Jeffe lives in Wyoming and writes, "It's such a relief to see a swallow as it should be--I feel restored to see it fly, black and tan shining against the sky. It seems a moment from a novel."
~Jeffe Kennedy, from Wyoming Trucks, True Love and the Weather Channel, University of New Mexico Press, March 2004
http://www.jeffekennedy.com

Sunday, April 15, 2007

AMAZON REVIEW!!!!!

Bombshells: War Stories and Poems by Women on the Homefront (Paperback)
by Missy Martin (Editor), Jesse Loren (Editor)
REVIEW

A Collective Spiritual Consciousness about War and the Women left at Home! , April 13, 2007
Reviewer: W. H. McDonald Jr. "The Military Writer's Society of America / Author of: A Spiritual Warrior's Journey" - See all my reviews

Rarely does an anthology contain such nuggets of wisdom, and pain as does this wonderfully edited collection of stories and poems by the women who are left behind at home during war. The book`s cover shows the image of a pink hand grenade that jumps out at you. The title is just as explosive, "Bombshells: War Stories and Poems by Women on the Homefront". Inside the book is even better and is filled with stories, essays and poems that will rip and shred your very soul! It is one of the most gripping books related to war that I have read.

The book was put together and edited by Missy Martin and Jesse Loren. It is a brilliantly done. The placement of the poems and stories is thought out well and it seems that the emotional energy just keeps building throughout the entire book. It is one of those books that you cannot stop reading.

There are many different and diverse voices contained in the book, which reflects again, some good editing choices. The book brings war into another level of thinking. War is not often viewed from the point of view of those who were left at home waiting for their loved ones to return; I often wondered what that would feel like when I was in Vietnam. When my own son was in the Gulf War in Iraq and I did not know his daily status, it almost drove me insane with worry. It hurts worse then being in combat yourself!

This book is an honest, compelling look at what these women went through while waiting fro their warriors to return. You cannot read this book without feeling your heart rip and break apart with their pain. This book transcends war -it is about people!
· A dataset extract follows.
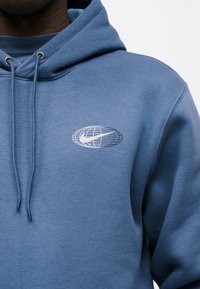 Μπλε φούτερ με κουκούλα και κορδόνια, που έχει μικρό λευκό λογότυπο γήινου σχήματος με ραβδώσεις στο στήθος, φορεμένο από άτομο με σκούρο δέρμα.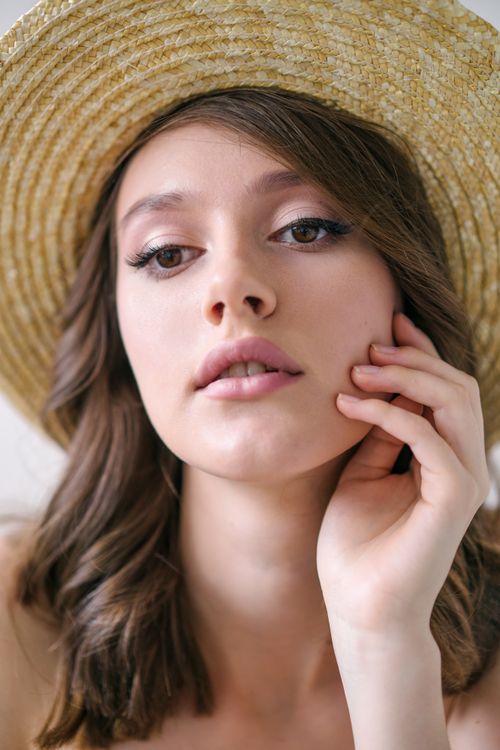 Free Close-up portrait of a woman wearing a straw hat, exuding summertime elegance and beauty. Stock Photo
The Military Writer's Society of America gives this book its highest rating of FIVE STARS! It is a must read book! I give this my personal recommendation and fullest endorsement!

Note:
A portion of the sales from this book is donated to "The Fisher House Foundation". That foundation builds "comfort homes" on or near active military and Veteran Affairs medical facilities. The houses are provided for free for injured soldiers who must be close by for treatment. It is also open to their families.